The bottom line is there is nothing at all wrong with paying someone else to take care of the more "delicate" aspects of a task, any more than there is anything wrong with preferring to learn for one's self how to do it.


----------



## jcaudle (Aug 16, 2004)

His prices are cheaper than either weaknees or DVR upgrade for a similar priced drive.


----------



## lew (Mar 12, 2002)

Robbdoe1 said:


> I don't want to spend anything on an image. I won't support the guy who doubled the price either. Still, $80 ain't to bad for cutting edge. Think about it this way, if your drive crapped out and you had no image you would need to pay $109 for the Egg drive and $40 to IC and you still can't use the full drive. That cuts the real extra cost to $40 for cutting edge. I guess it's worth it to some.
> 
> I backed up all 5 of my units with Winmfs and will eventually replace all the drives with the largest single drive that I can build with freeware.


A reseller who does any volume purchases from vendors that provide service. It's entirely possible he's paying more then those of us who purchase from whatever reputable vendor is offering the best price today.

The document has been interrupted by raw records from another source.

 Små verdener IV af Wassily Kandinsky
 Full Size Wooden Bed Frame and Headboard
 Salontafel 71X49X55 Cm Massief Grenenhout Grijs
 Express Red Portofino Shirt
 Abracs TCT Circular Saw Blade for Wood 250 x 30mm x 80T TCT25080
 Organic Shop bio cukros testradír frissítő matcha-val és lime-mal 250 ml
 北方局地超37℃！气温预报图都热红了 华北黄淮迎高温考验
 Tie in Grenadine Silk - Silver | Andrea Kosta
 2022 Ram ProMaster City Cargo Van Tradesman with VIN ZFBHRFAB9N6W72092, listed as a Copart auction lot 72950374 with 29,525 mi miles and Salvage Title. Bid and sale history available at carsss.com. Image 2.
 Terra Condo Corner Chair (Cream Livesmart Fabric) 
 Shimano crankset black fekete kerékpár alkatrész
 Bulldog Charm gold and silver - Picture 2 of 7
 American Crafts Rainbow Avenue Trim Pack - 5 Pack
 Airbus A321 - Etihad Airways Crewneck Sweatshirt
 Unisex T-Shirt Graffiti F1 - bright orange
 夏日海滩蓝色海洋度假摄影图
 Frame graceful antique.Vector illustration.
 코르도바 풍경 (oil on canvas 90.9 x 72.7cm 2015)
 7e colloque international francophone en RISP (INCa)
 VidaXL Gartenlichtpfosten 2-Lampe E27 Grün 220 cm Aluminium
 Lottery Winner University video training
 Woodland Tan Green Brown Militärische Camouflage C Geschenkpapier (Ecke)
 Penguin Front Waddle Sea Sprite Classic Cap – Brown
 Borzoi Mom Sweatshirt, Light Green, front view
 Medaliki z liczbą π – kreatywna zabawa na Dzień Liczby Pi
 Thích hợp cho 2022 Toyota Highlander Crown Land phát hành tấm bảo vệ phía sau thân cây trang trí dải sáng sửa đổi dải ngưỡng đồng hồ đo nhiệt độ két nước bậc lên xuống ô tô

He's only doubling the price if he sells you a bare drive. He's selling you a drive with modified tivo software loaded on it. Modified software which isn't readily available.

Assume DVR_DUDE purchases the bare drive for $125. Assume a 10% mark up. Assume $10 for shipping. He has to buy packing materials. The cost is now around $147. I don't think $50-$60 is an unreasonable markup to install modified tivo software.

It's dishonest to evaluate DVR_DUDE'S pricing as a percentage markup. He's provided added service. He's entitled to a dollar markup to cover his time.


----------



## Robbdoe1 (Dec 29, 2008)

lew said:


> He's only doubling the price if he sells you a bare drive. He's selling you a drive with modified tivo software loaded on it. Modified software which isn't readily available.


"I won't support the guy who doubled the price either"
I'm speaking of IC going from $20 to $40. I have no problem with DVR_DUDE. I never used his service but I find his prices to be accpetable to me.

Robb


----------



## TivoRocks193 (Aug 10, 2005)

jcaudle said:


> His prices are cheaper than either weaknees or DVR upgrade for a similar priced drive.


For people who don't know how to install a disk image, those places are great. I fully recommend them for people without the technical expertise to install a disk image.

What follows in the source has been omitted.